------ Supplied information ------

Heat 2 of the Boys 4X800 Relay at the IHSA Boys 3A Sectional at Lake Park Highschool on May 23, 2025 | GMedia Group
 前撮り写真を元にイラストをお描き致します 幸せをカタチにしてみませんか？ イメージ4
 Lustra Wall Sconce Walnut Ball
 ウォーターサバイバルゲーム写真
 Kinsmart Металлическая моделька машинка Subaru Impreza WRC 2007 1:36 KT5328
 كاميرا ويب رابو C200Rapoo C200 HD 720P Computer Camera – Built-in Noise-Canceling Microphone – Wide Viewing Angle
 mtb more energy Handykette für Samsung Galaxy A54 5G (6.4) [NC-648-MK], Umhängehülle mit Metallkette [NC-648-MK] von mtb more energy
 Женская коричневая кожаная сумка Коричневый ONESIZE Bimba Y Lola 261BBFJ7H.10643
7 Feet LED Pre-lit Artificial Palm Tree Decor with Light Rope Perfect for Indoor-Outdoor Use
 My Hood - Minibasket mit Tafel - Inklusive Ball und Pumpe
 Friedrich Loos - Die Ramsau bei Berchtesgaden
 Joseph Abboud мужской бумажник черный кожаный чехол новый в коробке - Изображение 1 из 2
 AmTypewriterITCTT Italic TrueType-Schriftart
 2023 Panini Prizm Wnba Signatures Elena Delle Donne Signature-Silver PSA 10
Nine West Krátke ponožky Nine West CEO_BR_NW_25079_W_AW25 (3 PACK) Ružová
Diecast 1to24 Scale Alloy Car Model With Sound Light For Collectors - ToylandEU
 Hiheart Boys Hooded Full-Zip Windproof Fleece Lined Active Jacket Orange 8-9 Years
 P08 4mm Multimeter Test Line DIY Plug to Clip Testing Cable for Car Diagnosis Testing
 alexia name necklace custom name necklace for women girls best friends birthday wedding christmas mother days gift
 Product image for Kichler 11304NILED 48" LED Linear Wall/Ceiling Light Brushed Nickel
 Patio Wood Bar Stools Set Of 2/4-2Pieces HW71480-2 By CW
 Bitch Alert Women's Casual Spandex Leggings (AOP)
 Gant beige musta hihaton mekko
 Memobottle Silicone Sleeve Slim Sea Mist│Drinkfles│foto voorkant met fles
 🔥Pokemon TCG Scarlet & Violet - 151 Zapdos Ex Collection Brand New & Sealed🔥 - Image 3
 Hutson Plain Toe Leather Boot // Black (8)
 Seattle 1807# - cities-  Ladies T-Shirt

------

If a line in the records contains the word "Ball", copy it.

- _Solution to the exercise_:
 Lustra Wall Sconce Walnut Ball
 My Hood - Minibasket mit Tafel - Inklusive Ball und Pumpe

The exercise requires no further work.